If the story was about automobiles, which are not closely associated with their welfare, Park said he did not think the students would participate in the protests.
Nah, it's not "associated with their welfare" at all:
Accidental injury is the leading cause of death for children ages 1 to 14 in Korea .

Motor vehicle crashes, which cause 46 percent of childhood injury deaths, are the leading cause of injury-related fatalities in Korea , followed by drowning, falls, suffocation and burns.

Every day, 37 Korean children under the age of 14 are killed or injured as pedestrians in road traffic accidents.
Of course, what really must be done to improve children's welfare is to declare war on online porn. Again.
The plan is part of the government's projects to fight against lewd material on television, the internet and elsewhere in order to prevent children from accessing sexually explicit content that sometimes leads to sex crimes.
It was only 13.5 months ago that the last war on online porn was announced. That war was in response to a numerous instances of gang rapes by middle and high school students against their peers, much as this latest crackdown is in response to the recent realization that elementary school students at a school in Daegu had been victims and perpetrators of rape for some time. The crackdown didn't work then, and won't work now; in fact, it has never worked, as Gord Sellar argues in a well-written comment here (do read the whole thing):
[A]n increase in censorship is not the way to go. As with the arguments over American beef, the real solution would be open, honest discussion and cultivation of dialog… “citizen deliberation,” as Lawrence Lessig describes it in terms of a free society. Instead of cultivating a free society where debate can occur, censorship and filtration strangles it at the roots. All of Korea’s modern governments deserve criticism in this regard, but Lee’s especially seems to be embracing censorship with a vigor unseen for years.
This shouldn't be suprising to those who remember his term as Seoul mayor. Remember his response to the punk band TV pants-dropping incident three years ago?
Seoul Mayor, Lee Myung-bak, weighed in on the issue, saying each ward should supervise obscene performances and make a blacklist of the acts who do them.

"Given that the accused said that indecent performances happen every night at clubs in the Hongdae area, the performance, which is not generally accepted, has not been regulated by the authorities," Lee said in a meeting with executive members of the Seoul metropolitan government. [...]

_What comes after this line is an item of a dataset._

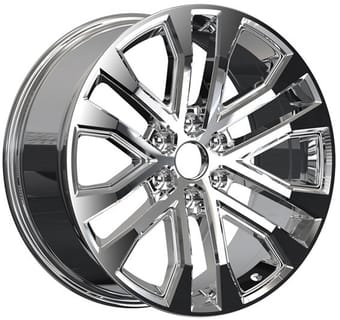20x9 oe concepts replica ford f150 xlt chrome fd11 6x135 30mm - image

Lee, a member of the conservative GNP, ordered officials of the Seoul City government Monday to draw up a “blacklist’’ of bands whose performances are “decadent and not socially acceptable.’’ Those bands will not be invited to events organized by Seoul City or affiliated institutions, Lee said. The mayor also demanded that each district office strengthen control over possible decadent public performances.
Given his past affinity for "strengthening control", I don't think Lee's embrace of censorship should surprise anyone.